À propos des indignés d’Ambérieu

mardi 10 février 2015
par  Gia

Les militant-e-s de la CLA partagent un projet commun et se reconnaissent dans les principes fondateurs de notre coordination. Nous ne sommes pas pour autant une organisation monolithique : nous pouvons avoir des points de vue différents sur les mouvements sociaux auxquels nous participons. C’est pourquoi nous publions deux articles sur le mouvement des indignés d’Ambérieu.

Aoûti 2011

Un peu partout en France, à l’image du mouvement du 15 mai espagnol, se sont tenus des rassemblements pour la démocratie réelle. En référence à Stéphane Hessel, les participant-e-s ont pris le nom d’indignés. Après Paris, Lyon et d’autres villes de Fance, Ambérieu-en-Bugey a vu l’espace public s’ouvrir aux indignés. Même si l’échelle est différente (une cinquantaine de personnes au maximum), le mouvement ambarrois présente des points communs avec les assemblées qui ont émergé dans d’autres communes. On y trouve à la fois des éléments qui peuvent intéresser le mouvement libertaire et d’autres plus discutables.

Quel est l’intérêt de ces rassemblements ?

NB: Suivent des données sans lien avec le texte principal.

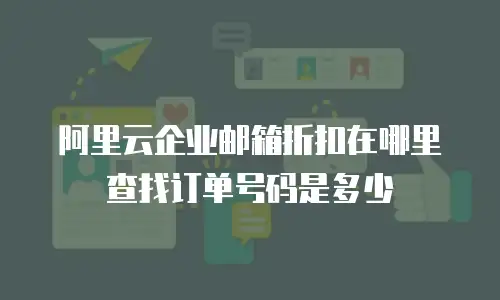阿里云企业邮箱折扣在哪里查找订单号码是多少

La caractéristique la plus marquante et la plus intéressante de ces assemblées réside dans le souci d’auto-organisation qui s’est manifesté dès le début. Les individus qui se sont regroupés sur les places ont essayé de faire vivre une certaine forme de démocratie directe : liberté de parole, prises de décisions collectives, refus de tout leadership. C’est grâce à cette liberté qu’ont pu se rencontrer des personnes issues de différents milieux et sans expérience militante. Les assemblées (quotidiennes, puis hebdomadaires) ont ainsi permis l’échange d’idées et la confrontation de points de vue. Malgré la diversité des positions qui se sont exprimées, deux points ont fait l’unanimité lors de ces rassemblements : (1) la volonté d’indépendance envers les partis politiques et les syndicats ; (2) le désir de trouver des solutions nouvelles pour transformer le monde. Il y a donc, dans ce mouvement des indignés, une tendance spontanément libertaire qui suscite tout notre intérêt. Cependant, il présente aussi certaines limites qui risquent de peser sur son avenir.

Quelles sont les limites de ce mouvement ?

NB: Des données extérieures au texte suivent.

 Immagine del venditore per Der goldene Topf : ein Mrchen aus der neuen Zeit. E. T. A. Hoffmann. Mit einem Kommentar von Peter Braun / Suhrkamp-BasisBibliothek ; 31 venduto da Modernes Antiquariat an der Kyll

En premier lieu, le mouvement des indignés est apparu de façon artificielle, à l’imitation du mouvement espagnol, sans être ancré dans des luttes existantes. De ce fait, les questions se sont souvent posées de façon abstraite et non dans la dynamique d’un conflit. S’il ne s’agit pas pour nous d’opposer différentes formes d’action, il nous semble néanmoins utile d’établir une comparaison avec le Collectif départemental pour la grève générale. Ce dernier s’est constitué en 2009 lors d’un mouvement de grève. Au cours des assemblées générales, la démocratie directe, l’auto-organisation ont été mises en débat de façon concrète et non abstraite : il s’agissait de prendre des décisions collectives pour radicaliser et étendre une lutte en s’opposant aux diktats des bureaucraties syndicales. Or, pour beaucoup d’indignés, la démocratie directe n’a été abordée que sous son angle le plus formel, c’est-à-dire comme une forme qui serait indépendante de son contenu. Certes, il est essentiel que les individus débattent et prennent des décisions collectives, mais pour décider quoi ? Dans quel but ? C’est dans cette absence de perspective claire que nous semble résider une des limites de ce mouvement d’indignation. La cause est à chercher dans sa dimension citoyenne (et, là encore, la référence implicite à Hessel semble évidente). S’affirmer comme citoyen, c’est se définir comme membre de la communauté politique. Or, dans une société divisée en classes sociales antagoniques, il n’existe pas de communauté politique. Il n’existe que des intérêts de classe, que le citoyennisme vise précisément à masquer. C’est dans le cadre de la lutte des classes, de la lutte du prolétariat contre le capital, que les concepts de démocratie directe ou d’autogestion prennent tout leur sens.

En refusant de s’inscrire dans une perspective de classes, le mouvement des citoyens indignés oscille entre des revendications social-démocrates (démocratie participative, contrôle citoyen, taxation des richesses) et un projet libertaire (communisme, autogestion, abolition de l’État).

Et les militant-e-s de la CLA ?

En tant que militant-e-s libertaires, nous ne saurions nous cantonner au rôle d’observateurs extérieurs des luttes en cours. La CLA a participé et participera aux rassemblements des indignés. Notre présence lors des débats doit viser : (1) à faire connaître nos idées (autogestion, lutte des classes, communisme libertaire, etc.) ; et (2) à aider dans la mesure du possible à la convergence avec les luttes en cours (dans les entreprises locales ou das les services publics).